Den Neubau der Grundschule in der Reinickendorfer Straße verantwortet die Senatsverwaltung für Bildung.
Auch ein einflügliger Bau mit Flur kann nach Umbau einer Compartmentschule nahe kommen. Dazu braucht es fähige Planer und aufgeschlossener Bauherren. Leider habe ich bei den öffentlichen Bauherren dieser Stadt in dieser Hinsicht keine gute Erfahrungen machen dürfen (da spielt es leider auch keine Rolle, ob das BBR, die BIM oder der Bezirk baut). In entscheidende Positionen scheinen dort nur Leute zu kommen, die sich nichts zu schulden haben kommen lassen. Verantwortung wird an Projektsteuerer abgegeben, die ihrerseits nur im engen Korsett der Vorgaben und Formulare der öffentlichen Träger handeln. Da ist eine mutige Sanierung so gut wie ausgeschlossen.

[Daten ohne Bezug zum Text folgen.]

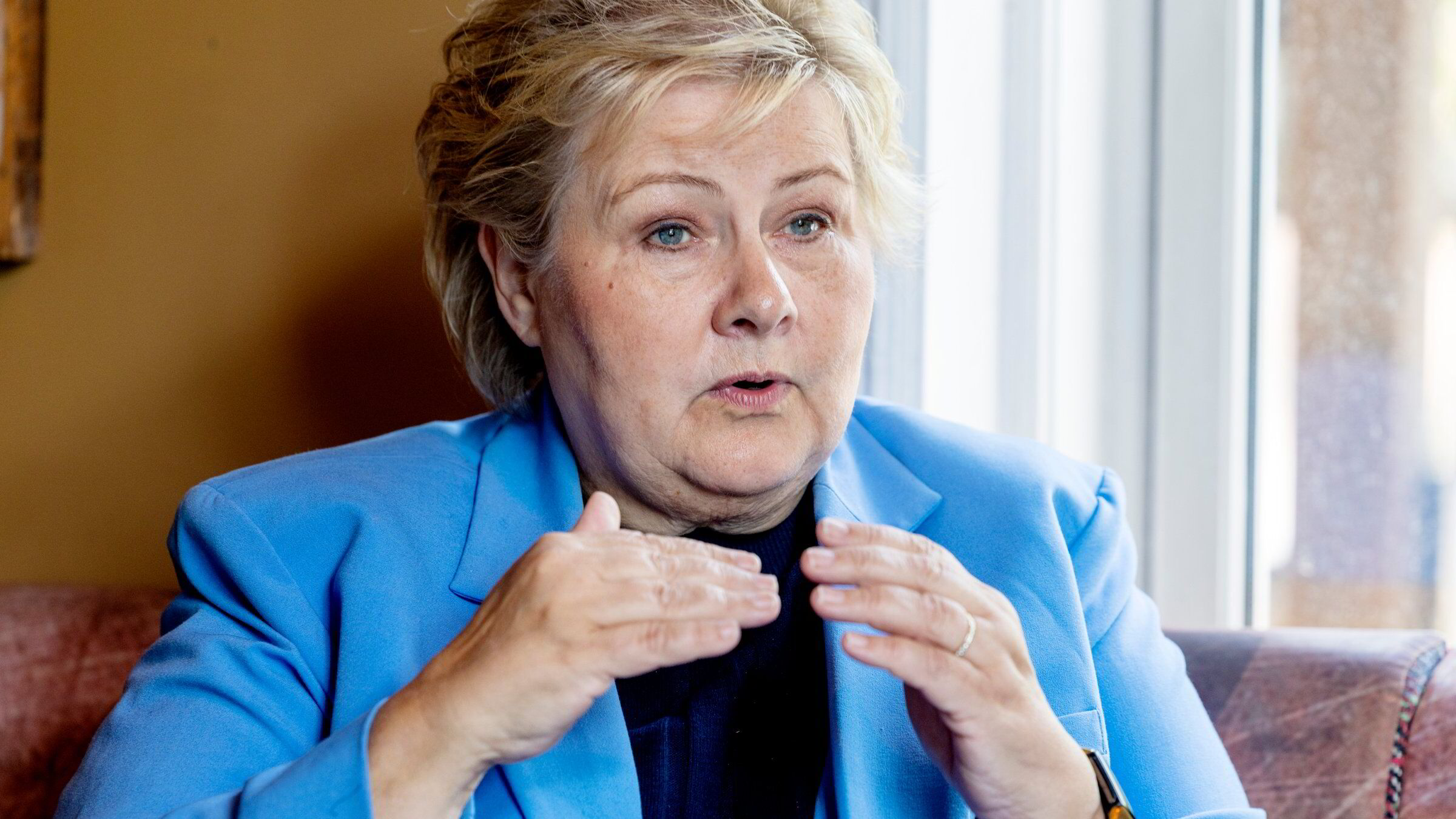 Erna får det bare ikke til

Ich wage eine Prognose: Der Abriss wird kommen (vielleicht in 2 Jahren), der Neubau wird sich verzögern und die Kosten werden mind. 50% höher als zu Beginn geschätzt.
Es ist Wahlkampf. Da kommt es auf Logik nicht so an.
Auf mich wirkte es in der Sitzung nicht so, als ob bei der Frage Neubau oder Sanierungen Parteimeinungen aufeinander treffen. Ich nahm in diesem Punkt Einigkeit wahr. Entscheidend wird aus meiner Sicht die Frage, ob die aktuelle und auch der/die nächste Stadträtin alles tun, damit die eine oder andere Lösung innerhalb weniger Jahre umgesetzt wird. Denn das Ausweichquartier Saatwinkler Damm ist eine Zwischenlösung.